Quatrième de
couverture : Maximilien et Charlotte, tous deux jeunes, beaux,
ambitieux épris d’idées généreuses. Lui, frère cadet de l’empereur d’Autriche François-Joseph ;
elle, fille du roi des Belges, Léopold Ier. Ils se morfondent dans leur château
de Miramar, sur l’Adriatique, quand, un jour, on
vient leur offrir la couronne du Mexique. C’est l’évasion tant désirée car ils
savent qu’en Europe il n’y a pas de place pour eux. Ils partent avec le désir
sincère de régénérer un pays déchiré et ruiné par un demi-siècle de guerre
civile.
Poète, rêveur, libéral à la manière romantique,
Maximilien, aux prises avec les réalités mexicaines, va se montrer incapable de
gouverner un peuple troublé, travaillé par les républicains que commande un
chef indomptable, l’Indien Juarez. Versatile, influençable, le nouvel empereur
passe d’un parti à l’autre, perdant ainsi la confiance de tous. Il songe
bientôt à abdiquer. Mais Charlotte, douée de l’énergie et du sens politique qui
font défaut à son mari, s’y oppose. Elle ira plaider la cause de Maximilien
auprès de Napoléon III qui l’a engagé dans cette aventure, et auprès du pape
qui a donné sa bénédiction aux souverains du Mexique. Mais en vain. L’Empereur des Français et le
souverain pontife refuseront à la jeune impératrice le concours qu’elle
sollicite avec passion. Sous le coup de la déception, la raison de Charlotte
chancelle. Pendant ce temps, Maximilien succombe à Queretaro
où il est fusillé sur l’ordre de Juarez.
Le drame s’achève dans le sang et la démence.

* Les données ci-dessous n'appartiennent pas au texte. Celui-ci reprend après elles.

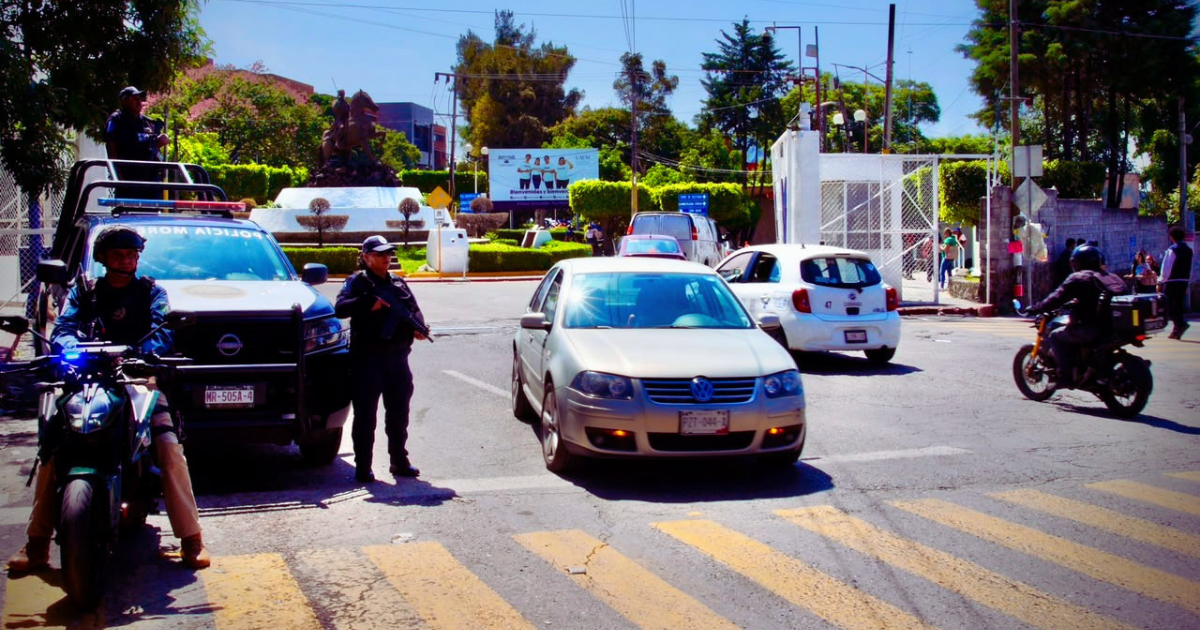 Acompañan regreso a clases en la UAEM con operativo preventivo de seguridad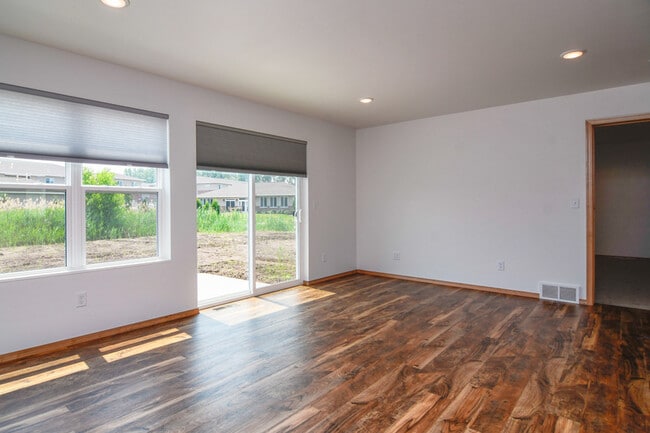 Building Photo - 2220 Blue Stem Ln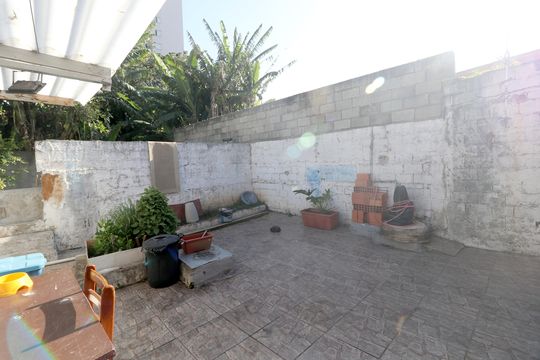 Quintal de casa à venda com 3 quartos, 180m² em Jardim Santo André, Santo André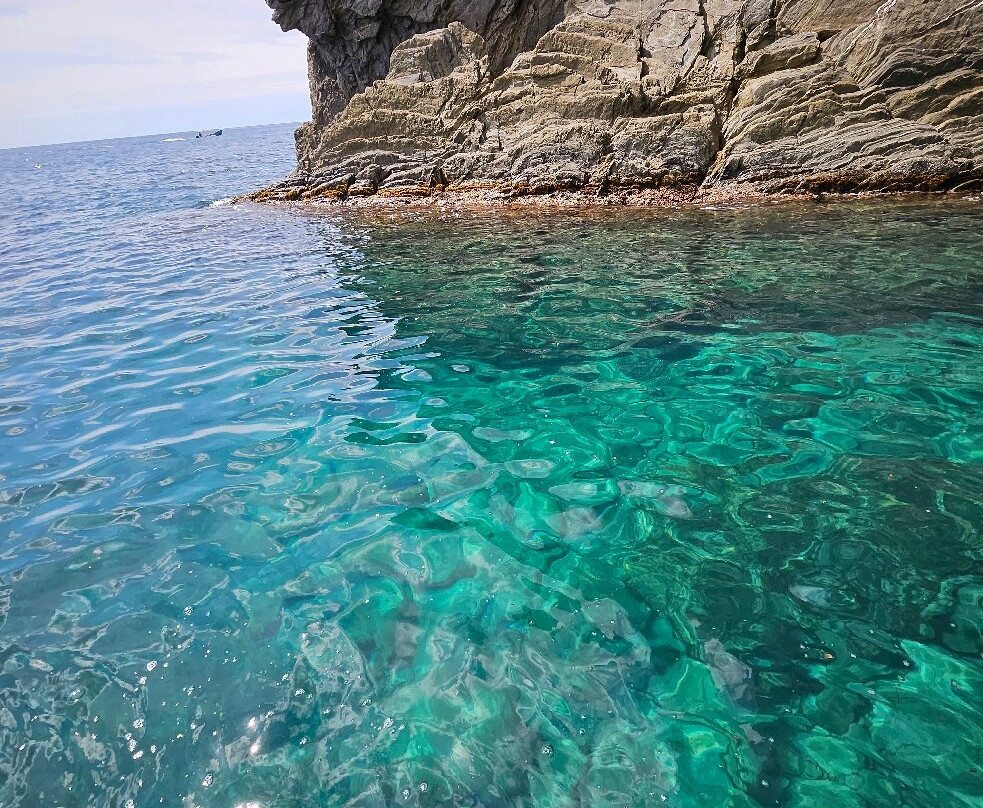 Stella boat tour-里奥马焦雷必去景点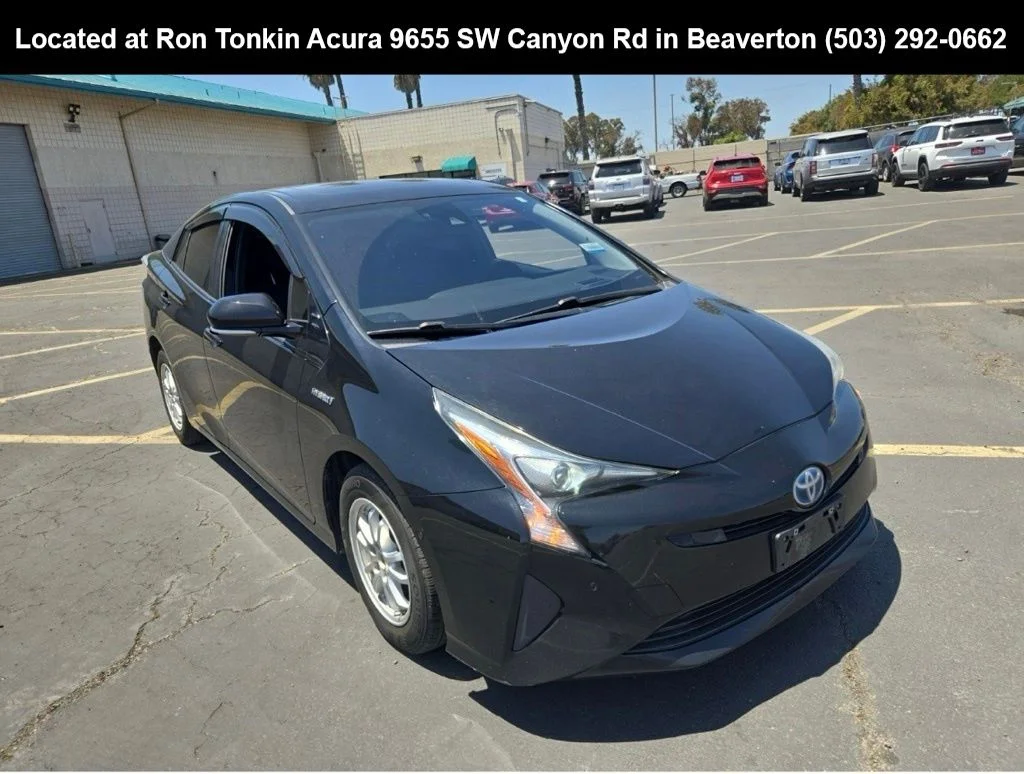 2016 Toyota Prius Four's photo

En moins de
trois ans, le couple tragique a accompli son destin. De ses ambitions, de ses
rêves, de ses espoirs, rien ne subsiste que l’ombre d’une vieille dame qui,
dans un château belge isolé du monde, vivra jusqu’à 87 ans. Une vieille dame
qui parfois, devant un visiteur, résume sa vie en quelques paroles saisissantes :
« Monsieur, on vous a dit qu’on avait eu un époux, un époux empereur ou
roi. Un grand mariage, et puis, la folie… ».